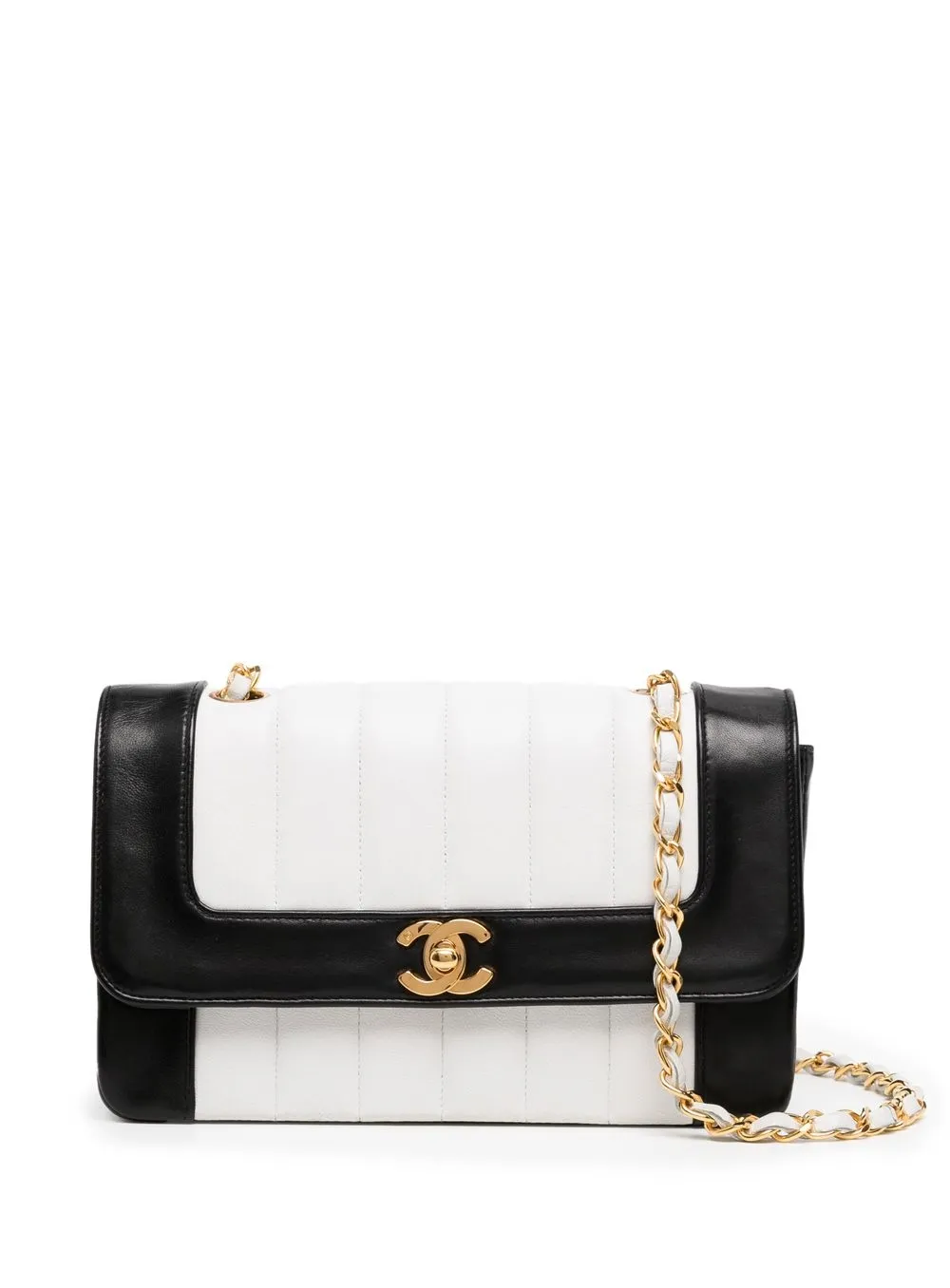 

CHANEL Pre-Owned bolsa de hombro Mademoiselle 1992 - Blanco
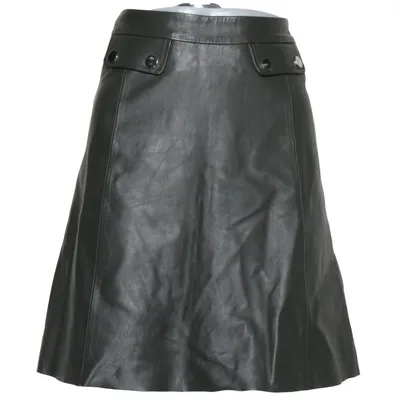 Läderkjol (Grön) från Selected Femme Skinn, Återvunnen polyester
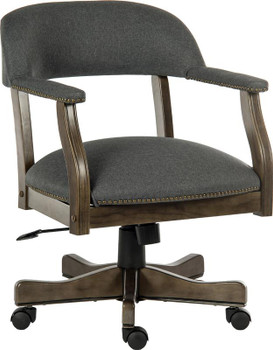 Captain Executive Fabric Office Chair Grey - 6983 6983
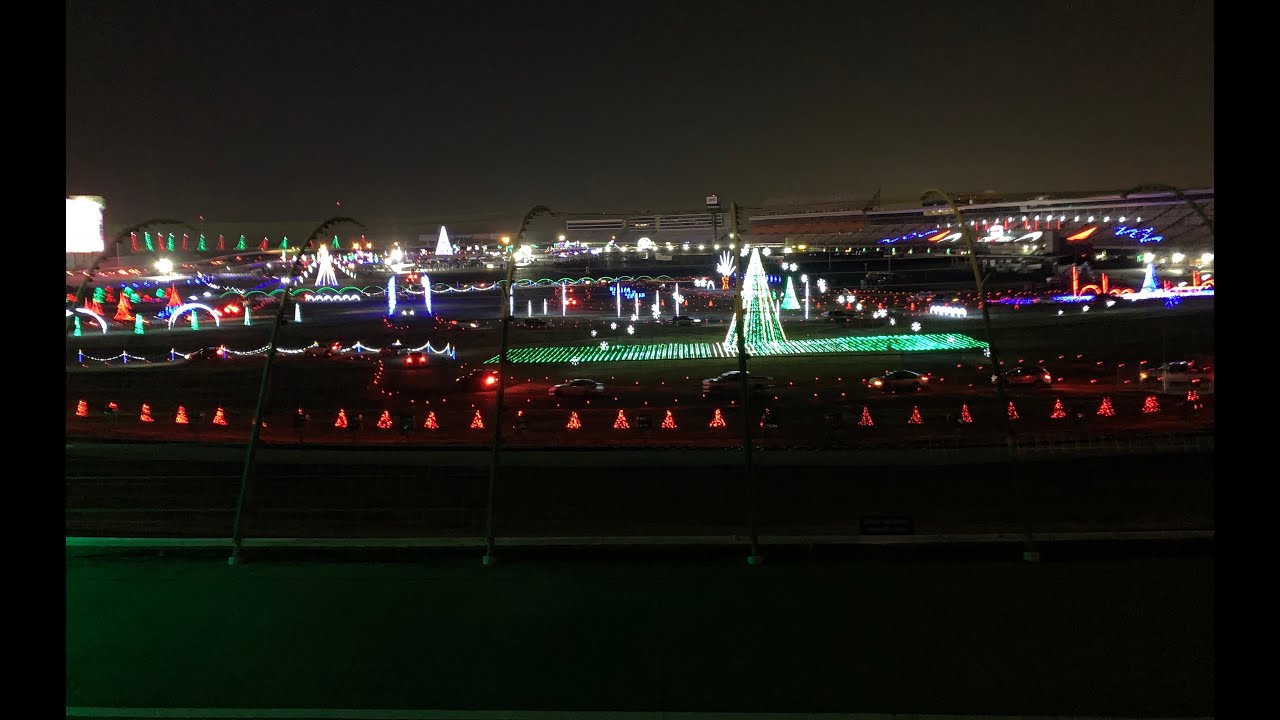 NASCAR CHRISTMAS LIGHT SHOW DATE NIGHT YouTube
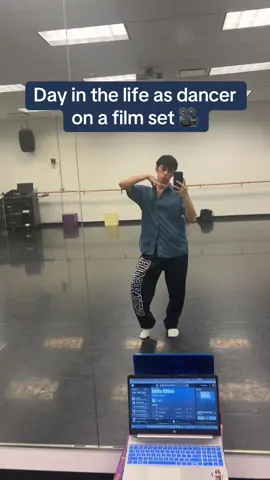 my body is so sore from yesterday #dancer #film #actor #onset #blowthisupforme #columbiacollegechicago #chicago #filmtok #dance 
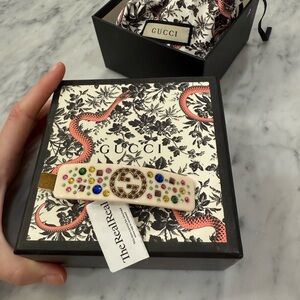 Gucci Multi-color Gem Crystal Hair Barrette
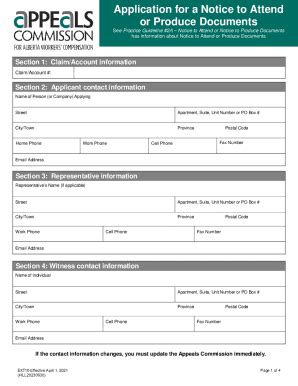 Fillable Online Practice Guideline 2A Notice To Attend Or Notice To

━━━━━━━━━━━━━━━━

* Task to carry out: Copy the final stretch of the entries exactly: the line containing "Captain Executive Fabric" and every line after it through the last. Include no pictures and nothing more.

* Response to the exercise:
 Captain Executive Fabric Office Chair Grey - 6983 6983
 NASCAR CHRISTMAS LIGHT SHOW DATE NIGHT YouTube
 my body is so sore from yesterday #dancer #film #actor #onset #blowthisupforme #columbiacollegechicago #chicago #filmtok #dance 
 Gucci Multi-color Gem Crystal Hair Barrette
 Fillable Online Practice Guideline 2A Notice To Attend Or Notice To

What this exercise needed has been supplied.